Wednesday, June 14, 2006 8:47 AM
Michael S. Kaplan
Behind 'How to break Windows Notepad'
Larry Osterman pointed me at an article entitled How to break Windows Notepad that makes for an interesting experiment:
Here's how to do it:
1. Open up Notepad (not Wordpad, not Word or any other word processor)
2. Type in this sentence exactly (without quotes): "this app can break"
3. Save the file to your hard drive.
4. Close Notepad
5. Open the saved file by double clicking it.
Instead of seeing your sentence, you should see a series of squares. For whatever reason, Notepad can't figure out what to do with that series of characters and breaks
Now if you have East Asian language support installed, instead of seeing squares (NULL glyphs), you will see:
桴獩愠灰挠湡戠敲歡
An if you look at the code points under those characters, you will likely see what happened:
6874 7369 6120 7070 6320 6e61 6220 6572 6b61
Ah, each byte is a letter that when combined just so happens to line up with a CJK ideograph!

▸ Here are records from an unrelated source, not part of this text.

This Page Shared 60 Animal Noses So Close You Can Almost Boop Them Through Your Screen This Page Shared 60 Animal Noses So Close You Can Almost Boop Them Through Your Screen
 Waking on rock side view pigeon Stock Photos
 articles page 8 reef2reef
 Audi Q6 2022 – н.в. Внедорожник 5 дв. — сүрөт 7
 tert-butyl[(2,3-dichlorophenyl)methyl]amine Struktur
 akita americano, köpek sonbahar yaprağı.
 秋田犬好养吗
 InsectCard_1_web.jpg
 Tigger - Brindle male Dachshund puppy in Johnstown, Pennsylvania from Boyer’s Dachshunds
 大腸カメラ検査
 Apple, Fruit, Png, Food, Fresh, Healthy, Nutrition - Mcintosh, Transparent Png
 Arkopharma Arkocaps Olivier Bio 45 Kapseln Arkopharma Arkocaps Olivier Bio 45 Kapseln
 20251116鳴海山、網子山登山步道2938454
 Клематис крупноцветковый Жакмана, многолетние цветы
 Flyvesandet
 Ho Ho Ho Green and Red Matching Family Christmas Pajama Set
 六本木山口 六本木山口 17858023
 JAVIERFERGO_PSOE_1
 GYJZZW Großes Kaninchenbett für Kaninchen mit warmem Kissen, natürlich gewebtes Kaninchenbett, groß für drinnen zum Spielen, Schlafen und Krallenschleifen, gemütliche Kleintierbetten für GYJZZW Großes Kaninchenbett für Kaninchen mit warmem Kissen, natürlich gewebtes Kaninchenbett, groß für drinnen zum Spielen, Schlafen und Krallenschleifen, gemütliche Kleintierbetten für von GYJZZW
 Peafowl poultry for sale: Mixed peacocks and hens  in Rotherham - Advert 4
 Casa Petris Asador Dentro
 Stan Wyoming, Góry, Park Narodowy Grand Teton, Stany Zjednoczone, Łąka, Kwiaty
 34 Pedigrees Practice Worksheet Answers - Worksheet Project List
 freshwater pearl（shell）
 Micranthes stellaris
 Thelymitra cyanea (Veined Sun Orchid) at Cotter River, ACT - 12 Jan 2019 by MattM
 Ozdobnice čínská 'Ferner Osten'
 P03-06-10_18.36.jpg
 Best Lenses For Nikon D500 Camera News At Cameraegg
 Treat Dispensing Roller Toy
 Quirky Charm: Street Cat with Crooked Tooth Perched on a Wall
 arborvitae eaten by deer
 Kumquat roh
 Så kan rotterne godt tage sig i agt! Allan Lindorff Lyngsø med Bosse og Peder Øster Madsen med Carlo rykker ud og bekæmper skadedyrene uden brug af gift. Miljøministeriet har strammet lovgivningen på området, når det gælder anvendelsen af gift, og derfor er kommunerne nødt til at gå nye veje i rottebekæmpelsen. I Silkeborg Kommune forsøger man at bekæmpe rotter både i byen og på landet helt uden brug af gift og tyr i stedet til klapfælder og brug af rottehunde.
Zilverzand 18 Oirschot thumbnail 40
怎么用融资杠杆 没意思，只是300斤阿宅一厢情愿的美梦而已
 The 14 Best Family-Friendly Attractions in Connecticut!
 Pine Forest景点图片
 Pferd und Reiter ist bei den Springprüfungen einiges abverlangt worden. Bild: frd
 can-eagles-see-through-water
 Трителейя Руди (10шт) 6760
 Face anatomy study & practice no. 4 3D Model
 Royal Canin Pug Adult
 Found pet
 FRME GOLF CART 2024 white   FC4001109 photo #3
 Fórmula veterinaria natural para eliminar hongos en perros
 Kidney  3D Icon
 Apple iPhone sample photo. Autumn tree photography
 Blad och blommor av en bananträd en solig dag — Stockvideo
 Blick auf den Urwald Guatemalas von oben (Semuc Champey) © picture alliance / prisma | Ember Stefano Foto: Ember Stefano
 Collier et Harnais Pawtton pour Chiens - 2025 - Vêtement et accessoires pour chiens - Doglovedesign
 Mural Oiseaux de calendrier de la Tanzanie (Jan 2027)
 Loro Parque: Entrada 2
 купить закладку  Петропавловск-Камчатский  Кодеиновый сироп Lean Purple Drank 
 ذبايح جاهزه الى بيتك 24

I have talked about the encoding detection mechanisms that notepad uses recently, and this is another example of the problem, one that is more fun since the repro steps are so much fun (in fact the only improvement would be text insulting Microsoft or one of its rivals, which notepad appears to censor in an example of a big bad monopoly, etc.!).
Now I have pointed out that I do not like the IsTextUnicode function in the past, and I suppose this could be considered a good reason (IsTextUnicode returns TRUE here, which is why Notepad guesses as it does).
This post brought to you by 桴 (U+6874, a CJK ideograph)